Depending on the fellowship, the successful candidate may be granted with opportunities such as teaching or attending courses at the university and give public readings of their work during their contract.
Writing fellowships pay their fellows a stipend that is usually enough to be able to commit their full attention to their work. While it varies, it is common to be provided or assisted with finding accommodation, studio space, and often benefits, travel and/or moving allowances.
As with anything, it is important to do your research and find the right writing fellowships before applying.
If the idea of becoming a writing fellow truly excites you, then it is time to look at how to research and apply to fellowships and snag a coveted spot. Writing fellowships are a great opportunity to perfect your craft and contribute to your field while getting financial support. This also means that they can be very competitive with so many talented applicants who want the same thing as you.
With careful preparation, you can stand out from the crowd and increase your chances of success. Again, every fellowship is different, but here are some general guidelines of what it takes to apply for writing fellowships.
The first step in any process is to do lots of research before making any decisions. There are writing fellowships all over the world with different start dates and lengths in different subject areas. Find some that align with your wants and needs that you are excited to apply for.
Don’t apply for a fellowship that would require you to move across the country (or the world) if you are not prepared to do so!

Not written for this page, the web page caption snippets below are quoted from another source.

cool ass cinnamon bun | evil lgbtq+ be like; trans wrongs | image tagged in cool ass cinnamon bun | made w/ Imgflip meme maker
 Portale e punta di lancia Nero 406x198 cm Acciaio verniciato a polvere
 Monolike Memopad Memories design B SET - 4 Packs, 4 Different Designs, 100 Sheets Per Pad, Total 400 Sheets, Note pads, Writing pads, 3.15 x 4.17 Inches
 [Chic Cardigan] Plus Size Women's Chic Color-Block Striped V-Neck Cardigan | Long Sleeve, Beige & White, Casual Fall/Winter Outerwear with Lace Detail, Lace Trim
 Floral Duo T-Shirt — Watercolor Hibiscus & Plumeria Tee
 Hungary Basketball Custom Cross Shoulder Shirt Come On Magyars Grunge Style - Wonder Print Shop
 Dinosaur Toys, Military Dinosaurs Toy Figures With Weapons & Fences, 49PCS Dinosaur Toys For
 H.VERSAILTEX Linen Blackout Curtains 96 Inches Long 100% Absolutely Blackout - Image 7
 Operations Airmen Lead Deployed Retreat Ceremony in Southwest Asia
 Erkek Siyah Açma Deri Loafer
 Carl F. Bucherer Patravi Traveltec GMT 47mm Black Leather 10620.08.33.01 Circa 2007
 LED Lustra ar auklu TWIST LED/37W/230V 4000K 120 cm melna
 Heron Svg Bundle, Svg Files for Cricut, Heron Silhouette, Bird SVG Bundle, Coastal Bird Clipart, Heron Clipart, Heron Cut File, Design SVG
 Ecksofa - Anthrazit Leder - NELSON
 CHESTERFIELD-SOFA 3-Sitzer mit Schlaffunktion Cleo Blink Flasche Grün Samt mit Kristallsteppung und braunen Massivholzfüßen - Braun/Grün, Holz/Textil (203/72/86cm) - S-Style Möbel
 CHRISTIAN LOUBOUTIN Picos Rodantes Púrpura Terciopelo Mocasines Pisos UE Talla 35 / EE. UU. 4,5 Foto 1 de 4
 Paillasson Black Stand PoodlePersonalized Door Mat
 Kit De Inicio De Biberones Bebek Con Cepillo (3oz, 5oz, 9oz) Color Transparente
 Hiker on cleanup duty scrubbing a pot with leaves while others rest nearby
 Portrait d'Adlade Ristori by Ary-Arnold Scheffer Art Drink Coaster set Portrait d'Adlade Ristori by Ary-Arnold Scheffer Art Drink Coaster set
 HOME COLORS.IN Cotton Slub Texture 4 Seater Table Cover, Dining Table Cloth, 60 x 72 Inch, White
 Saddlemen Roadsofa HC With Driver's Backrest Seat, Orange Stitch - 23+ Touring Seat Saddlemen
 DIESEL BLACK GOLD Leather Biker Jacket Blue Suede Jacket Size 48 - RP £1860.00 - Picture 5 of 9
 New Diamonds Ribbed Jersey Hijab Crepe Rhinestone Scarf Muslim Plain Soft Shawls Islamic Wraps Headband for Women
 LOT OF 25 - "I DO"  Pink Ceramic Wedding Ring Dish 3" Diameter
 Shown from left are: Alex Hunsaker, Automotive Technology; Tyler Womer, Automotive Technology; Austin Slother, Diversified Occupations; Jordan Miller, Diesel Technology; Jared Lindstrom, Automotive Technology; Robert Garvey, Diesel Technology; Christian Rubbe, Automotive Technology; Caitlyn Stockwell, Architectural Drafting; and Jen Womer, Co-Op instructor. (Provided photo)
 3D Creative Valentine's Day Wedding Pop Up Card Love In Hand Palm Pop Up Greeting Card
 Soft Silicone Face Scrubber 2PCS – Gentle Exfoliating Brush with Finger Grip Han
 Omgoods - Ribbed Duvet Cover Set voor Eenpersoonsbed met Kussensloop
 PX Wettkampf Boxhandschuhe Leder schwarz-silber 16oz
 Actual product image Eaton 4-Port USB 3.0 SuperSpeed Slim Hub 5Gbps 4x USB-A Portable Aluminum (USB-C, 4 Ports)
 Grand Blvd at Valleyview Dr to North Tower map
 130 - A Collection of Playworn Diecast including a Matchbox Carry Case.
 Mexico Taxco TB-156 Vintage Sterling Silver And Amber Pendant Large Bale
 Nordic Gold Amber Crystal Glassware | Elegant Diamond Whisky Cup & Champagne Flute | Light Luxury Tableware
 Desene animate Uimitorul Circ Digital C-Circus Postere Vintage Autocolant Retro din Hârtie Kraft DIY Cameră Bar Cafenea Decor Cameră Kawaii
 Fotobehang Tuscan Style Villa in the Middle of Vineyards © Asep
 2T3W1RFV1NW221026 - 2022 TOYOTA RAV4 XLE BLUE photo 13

Found a writing fellowship that you think you would be perfect for? Before investing time and money into the lengthy application process be sure to thoroughly read the eligibility requirements.
Each fellowship has its own specific criteria for who can apply including experience, citizenship, location, etc. Ensure you fit all of the eligibility requirements before applying.
A major factor of how fellows are chosen is based on their portfolio . The selection committee wants to see your creativity, quality of work, writing style, and skill to determine if you are the right fit for the fellowship program.
Aside from your application form and portfolio , many fellowship programs will either ask for a project proposal or personal statement describing yourself, your passion for writing, your accomplishments and your intentions for the fellowship.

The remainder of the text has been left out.